I get most of my netbook information at the following site if you're interested:
http://www.liliputing.com


----------



## Giaguara (Nov 2, 2008)

Mini note 1000 will be from January and still from closer to $ 400 as start price.
So HP 1000 currently .. is close to that, and not that interesting. 
Hmm.... HP 2133 or spiced up Inspiron mini 9?


----------



## nixgeek (Nov 2, 2008)

Giaguara said:


> Mini note 1000 will be from January and still from closer to $ 400 as start price.
> So HP 1000 currently .. is close to that, and not that interesting.
> Hmm.... HP 2133 or spiced up Inspiron mini 9?

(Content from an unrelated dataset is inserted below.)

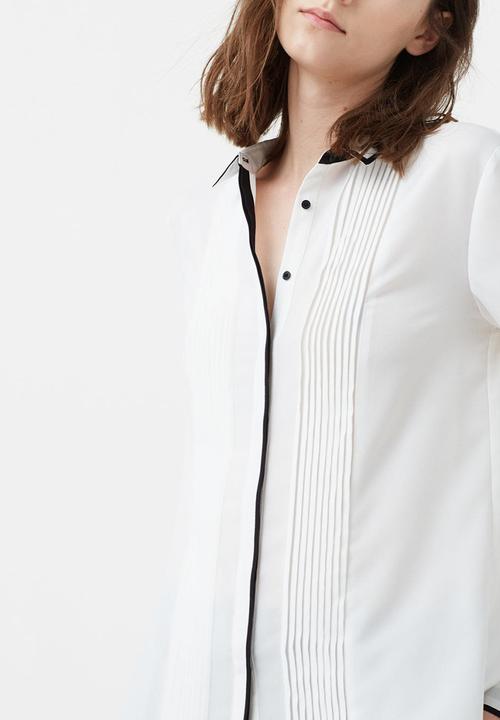 MANGO - Contrast Trim Shirt White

No contest....the Dell is the sure winner.

The VIA C7-M is slow compared to the Intel Atom.  I wouldn't even consider the 2133 because it uses the slower processor.  Do give the Acer some consideration as well.  This is pretty much the only Acer I would probably ever recommend.  I know of some others that are using the GNU/Linux version and love it.


----------



## Giaguara (Nov 3, 2008)

I've seen some of those Acers, and wasn't too impressed.
(and had one, looong time ago, before NeXT was out)
This also covers them all http://www.reghardware.co.uk/2008/09/12/rh_bg_netbooks/
Dell does sound the one to go with then.


----------



## Giaguara (Nov 4, 2008)

Dell's shipping times seem to vary as they will make all BTO. So will ship by 14th/19th/20th... would sort of need it by then.
Another nice thing I discovered with Dell is that I can get a small discount from them via work.


----------



## nixgeek (Nov 4, 2008)

Yeah, I'm eligible also for the discount at work.  I just have to play with it to see if its what I want.  I did play with the Acer which is why I was sold on it, but I don't want to impulse-buy without testing out the Dell first (which I originally liked just from what I saw online).


----------



## Giaguara (Nov 4, 2008)

... and while I'm getting ready to place the order for that Dell, then there is suddenly this http://gizmodo.com/5075924/dealzmodo-msi-wind-now-350-at-best-buy price drop of MSI Wind (1.6 10" same res, 1 GB, 80 GB) for now $ 350 at Best Buy. 
(XP, but that's a matter of 30-60 minutes to install a decent OS there).
(which seems to be sold out all over TX at least by now..)


----------



## ora (Nov 5, 2008)

Bigger review of the Dell on Reg Hardware this morning, though I guess if you are stateside now the stuff abut mobile broadband aint relevant. 

http://www.reghardware.co.uk/2008/11/05/review_netbook_dell_inspiron_mini_9/


----------